03/12/2013 05:33 pm ET Updated May 12, 2013

On Mountain Lions, and the Forgotten Story of the 1909 Church Women Mauled by a Rabid Cougar

The poor young woman recently killed by a lion in northern California got me thinking about big cat deaths in general.

In the last 110 years, mountain lions have killed about a dozen people in the U.S., including five year old Jake Thomas Gardipee, who was dragged off by a group of mountain lions while playing on his tricycle right outside his western Montana home, and Barbara Barsalou Schoener, who was tackled from behind by a mountain lion while jogging in a canyon outside of Sacramento, California.

But the strangest mountain lion attack story of all is Isola Kennedy. I discuss her and other mountain lion deaths in the most recent entry on my death blog, Digital Dying.

Isola was tackled by a cougar in 1909 while trying to save a group of church children. She was a well-respected woman from a town just south of San Jose, California called Morgan Hill. Isola was engaged to a dentist, frequently attended local parties and was president of the regional Women's Christian Temperance Union.
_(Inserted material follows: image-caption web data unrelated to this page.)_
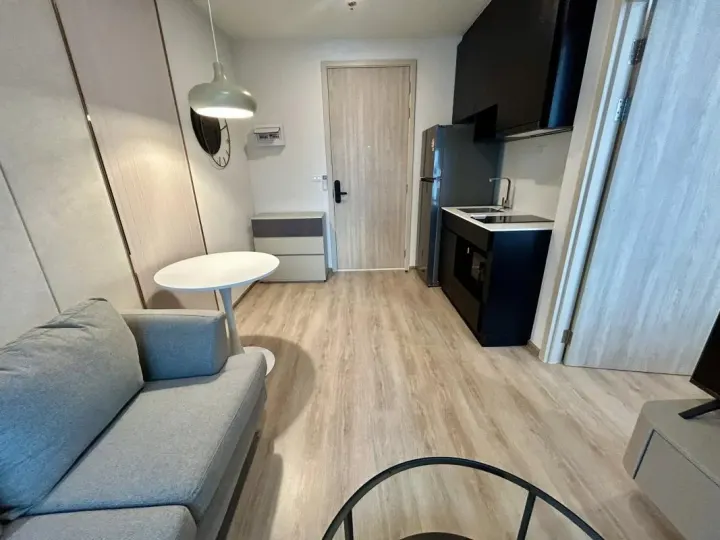 Property photos for Nue District R9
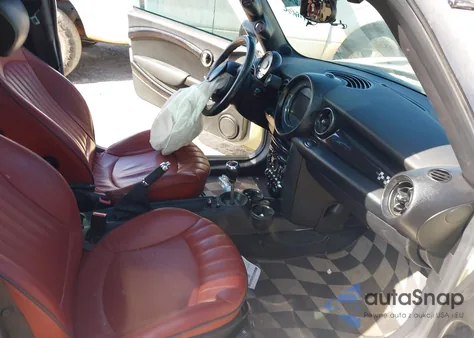 2009 Mini Cooper Sportback Ls Jcw from USA, damaged, VIN WMWMF935X9TF96371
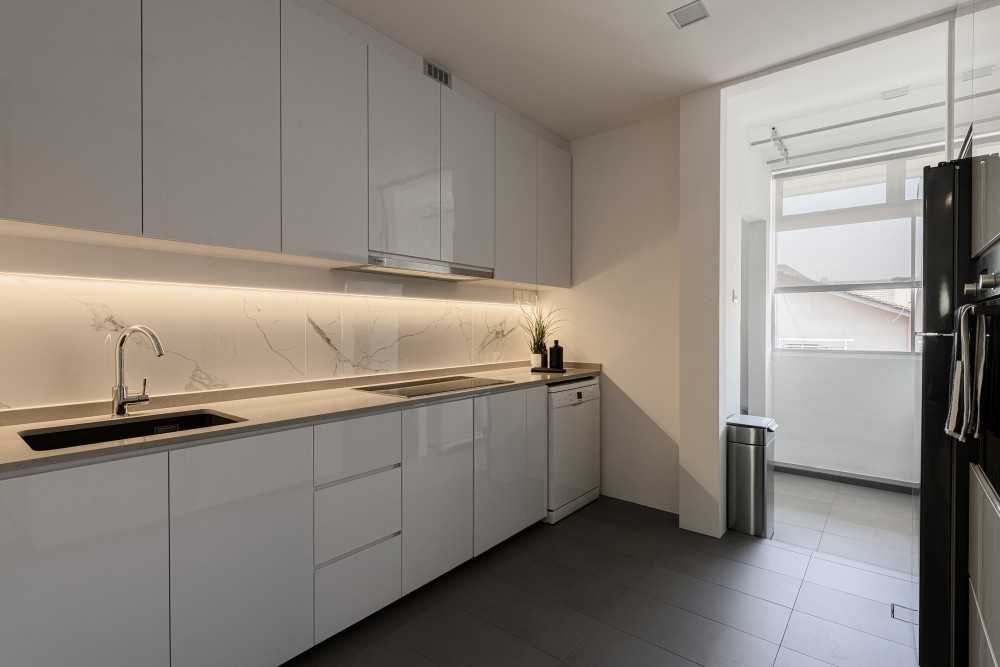 Minimalist Kitchen with Homogeneous Tiles and Parquet Floor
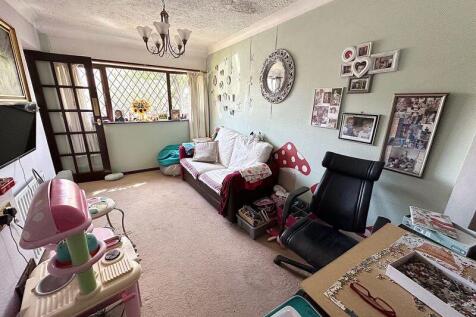 Reception/ Bedroom 4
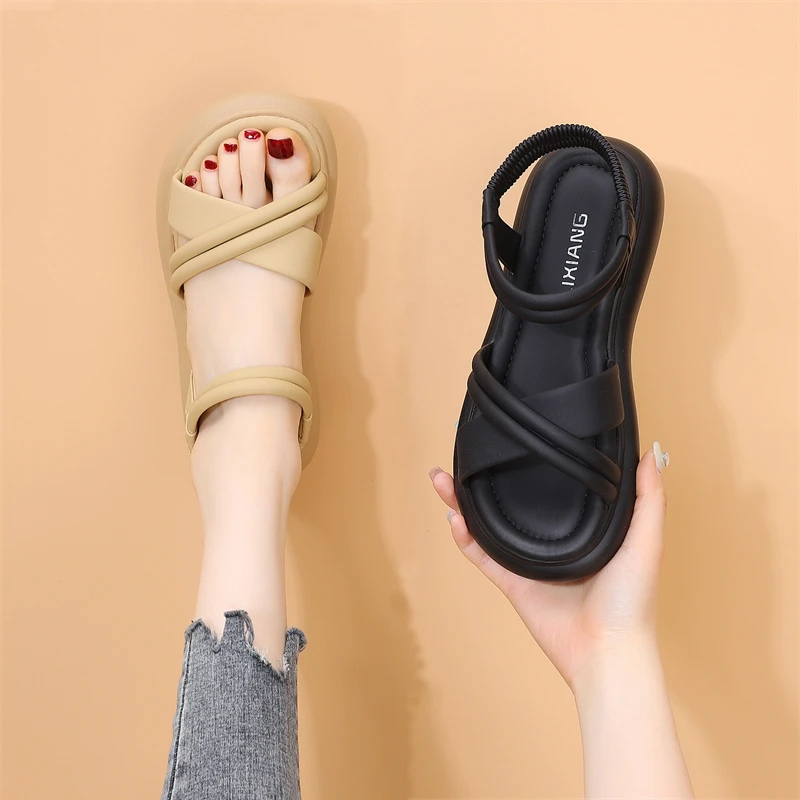 平底凉鞋女夏2025新款软底外穿仙女风不累脚防滑孕妇沙滩鞋大码42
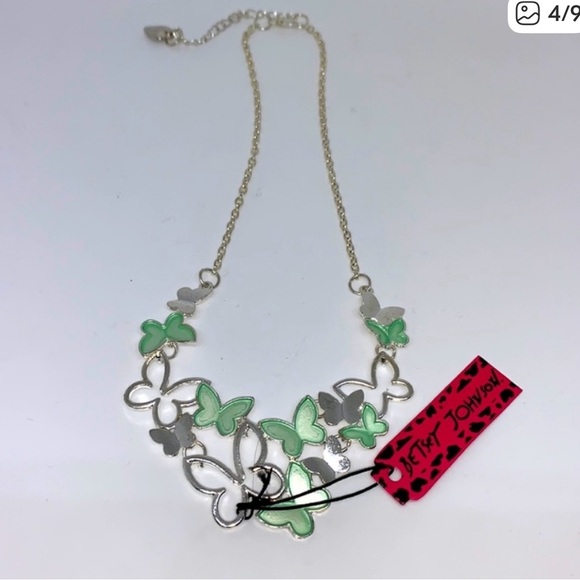 Betsey Johnson Jewelry - Betsey Johnson necklace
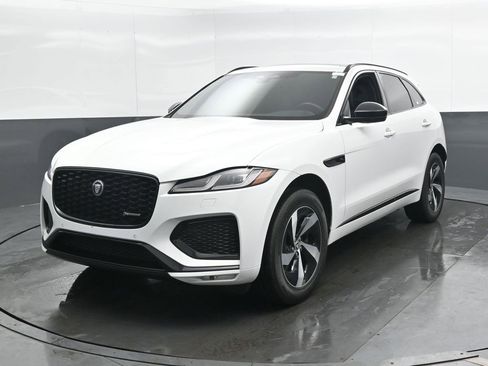 Used 2024 Jaguar F-PACE R-Dynamic S image 7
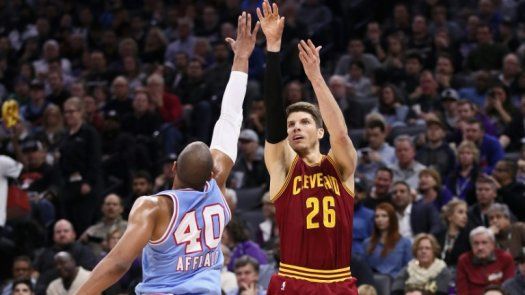 Cleveland sigue líder del Este y Miami logra 12 victorias seguidas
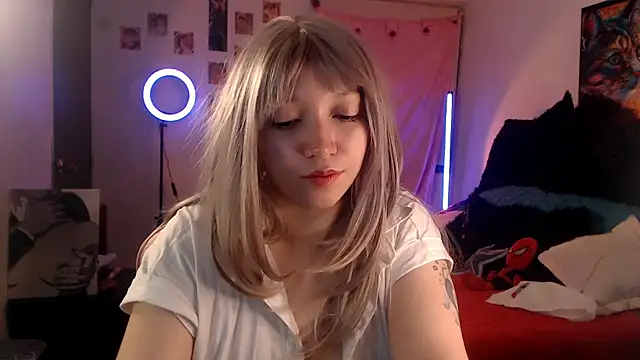 Chatroom XXX en direct de AllyDonfort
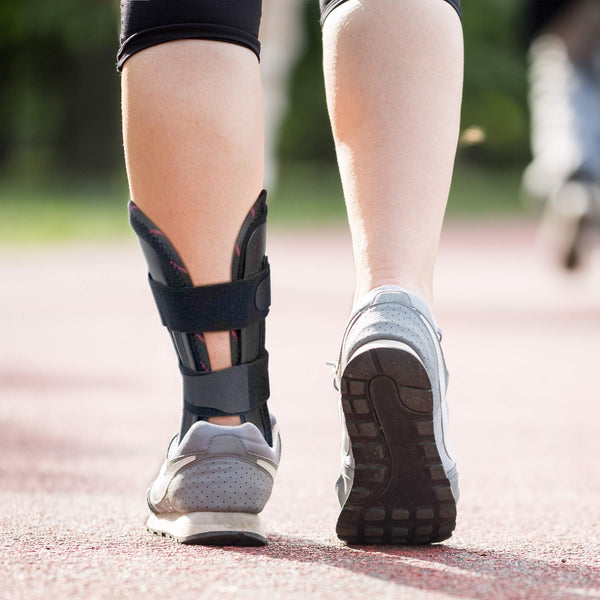 Runner in Ankle Stabilizer Brace stirrup splint ankle orthosis with rigid shells and hook-and-loop straps for lateral support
She also taught a Sunday school class and one July day during the summer of 1909 she took five Sunday school kids on a picnic to a popular spot on Coyote Creek. After lunch the boys went to cool off in a nearby stream. A female mountain lion jumped from the bushes and slashed an eight year old child named Earl Wilson. He fell backwards into the creek and the cat pounced on him.

Hearing the children's screams, Isola picked up a stick and rushed at the animal, which turned around and attacked her. The other children got the attention of a man named Jack Conlan, who was doing survey work nearby for the local water company. Jack grabbed a shotgun and raced to the creek, where he found the lion on top of Isola. She was defending herself with a hat pin. "That poor woman was struggling as best she could," remarked Jack. "I finally got a shot at the beast, but it paid no attention."

He fired several warning shots but the cat didn't budge. He tried to butt the cat in the head with his shotgun, but the cat still didn't release its grip on Isola. Shooting the lion at such close range with a shotgun would risk injuring Isola so Jack sprinted back to his camp, and returned with a rifle. Isola was still being clawed apart by the lion. Jack told her to lie still and shot the animal first behind the left shoulder, then pointblank in the mouth. "The lion reared, then sank its teeth and all four claws into Isola and after a few struggles, died," said Jack.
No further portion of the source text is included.